#### Try it
Would you please transcribe the listing exactly, with no images?

#### Data extract
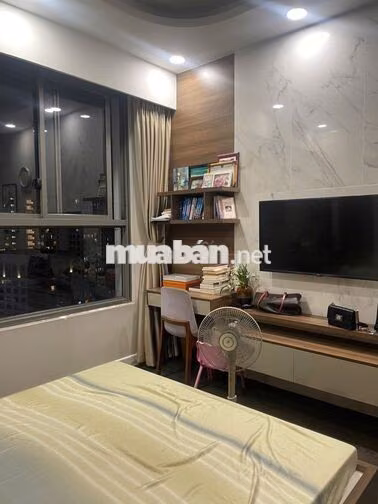 👉 GIỎ HÀNG CHO THUÊ C/C PHÚ NHUẬN KINGSTON 👉 2 VÀ 3 PHÒNG ĐA DẠNG NT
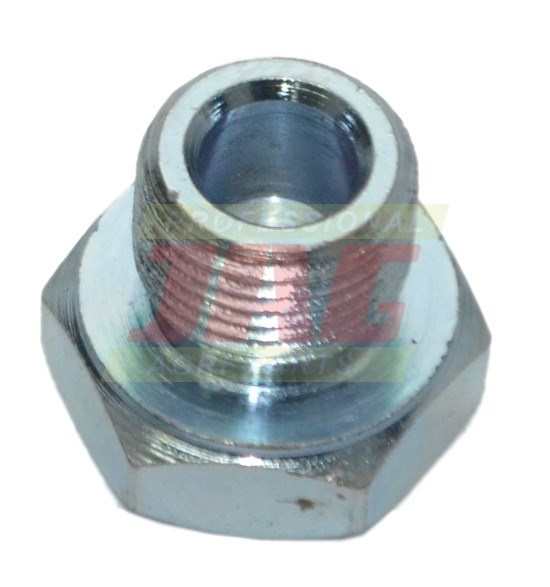 3638648M1 Korek spustowy miski olejowej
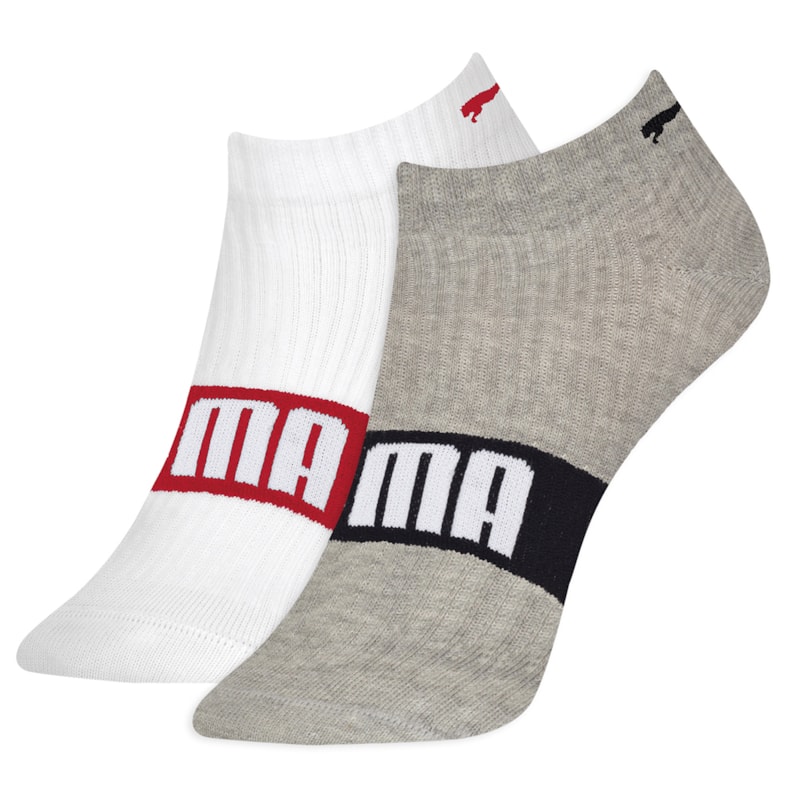 image_4a68717f-c1da-48c6-9e33-b08a541769da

#### Your solution
 👉 GIỎ HÀNG CHO THUÊ C/C PHÚ NHUẬN KINGSTON 👉 2 VÀ 3 PHÒNG ĐA DẠNG NT
 3638648M1 Korek spustowy miski olejowej
 image_4a68717f-c1da-48c6-9e33-b08a541769da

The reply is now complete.